(AVAILABLE DATA Opens)

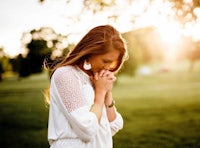 a young woman praying in a park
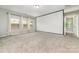 Spacious bonus room with plush carpeting, ample natural light, and an open doorway at 5098 Burnwald Ct, Fort Mill, SC 29715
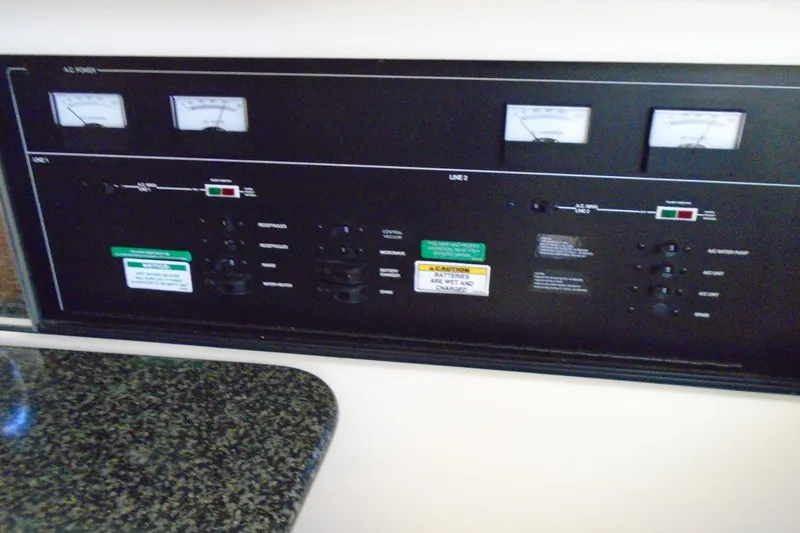 Slide: The Image of Control panel of a 2004 Carver 356 Motor Yacht with gauges and switches. - 30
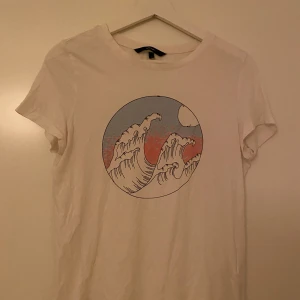 Vit T-shirt  - Vit t-shirt från Vero Moda med korta ärmar och rund hals. Framsidan har ett stort tryck med vågor i blått och rosa tone. Skön passform och tillverkad i mjuk bomull.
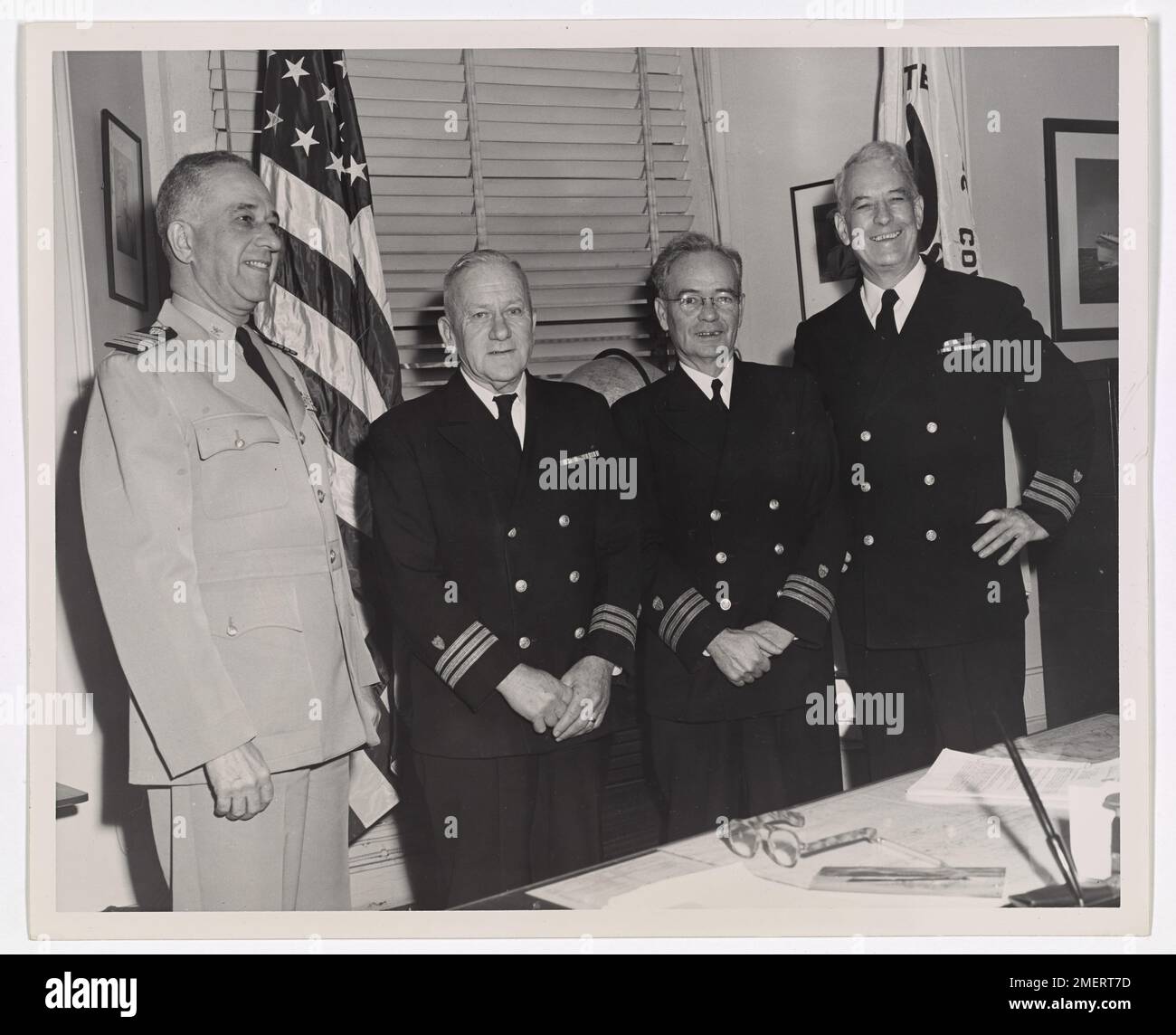 Retirement day for two USCG Commanders, Thomas S. Coffee and Francis R. Dillenkoffer. This picture shows 'retirement' day for two USCG Commanders, Thomas S. Coffee (2nd from left) and Francis R. Dillenkoffer (extreme right). The others shown are Captain Frank A. Leamy (far left) and commander J. F. Kettler (second from right). Stock Photo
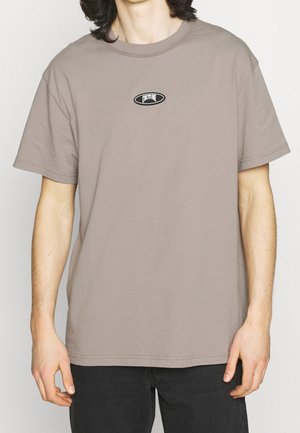 Mand iført en taupe kortærmet T-shirt med et lille ovalt "COUTURE" logo på brystet og sorte bukser.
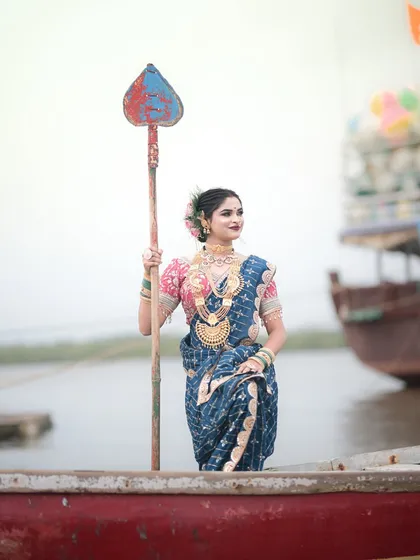 Standing tall in the boat, this shot captures the strength and grace of the Koli women.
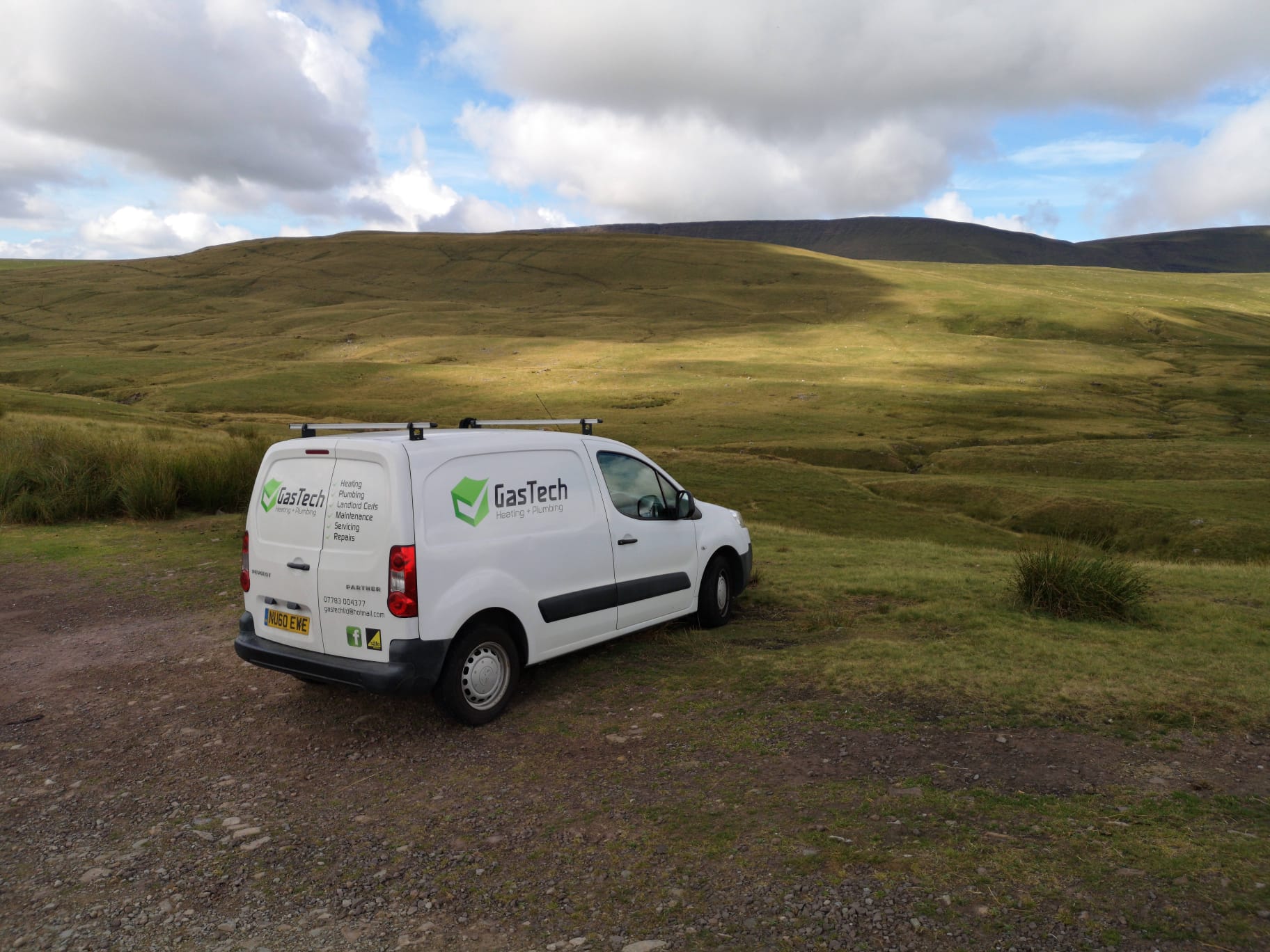 The GasTech van parked in open countryside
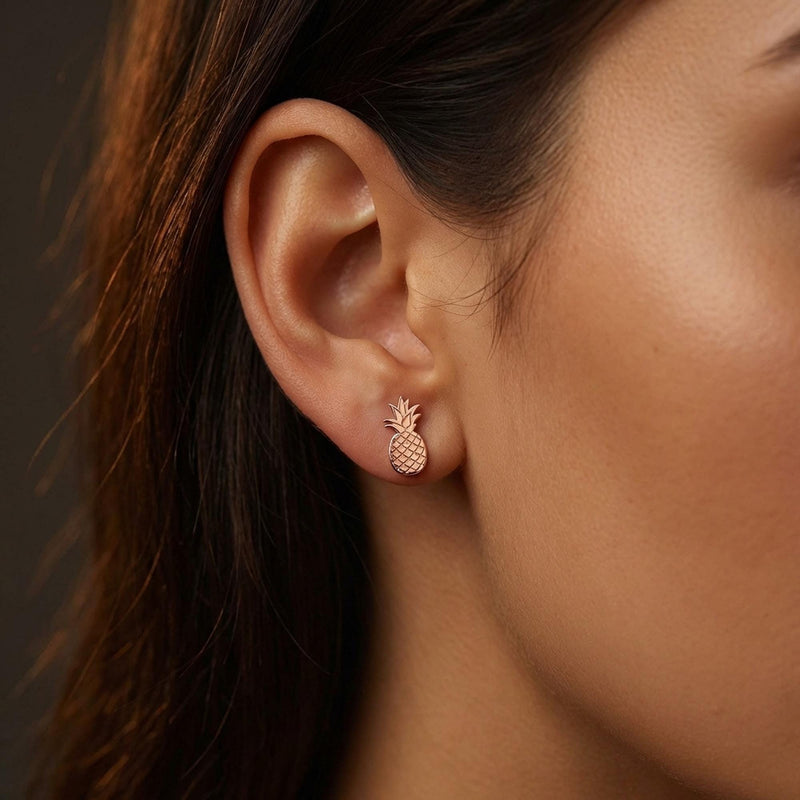 Pair of tiny gold pineapple stud earrings with crosshatch texture, on white (6 of 12)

(AVAILABLE DATA Closes)

> [PROMPT] Pictures are to be omitted from the copy, and only the lines from the one containing "Retirement day for" through the final line of the listing above are to be written out exactly.

> [ANSWER SECTION]
 Retirement day for two USCG Commanders, Thomas S. Coffee and Francis R. Dillenkoffer. This picture shows 'retirement' day for two USCG Commanders, Thomas S. Coffee (2nd from left) and Francis R. Dillenkoffer (extreme right). The others shown are Captain Frank A. Leamy (far left) and commander J. F. Kettler (second from right). Stock Photo
 Mand iført en taupe kortærmet T-shirt med et lille ovalt "COUTURE" logo på brystet og sorte bukser.
 Standing tall in the boat, this shot captures the strength and grace of the Koli women.
 The GasTech van parked in open countryside
 Pair of tiny gold pineapple stud earrings with crosshatch texture, on white (6 of 12)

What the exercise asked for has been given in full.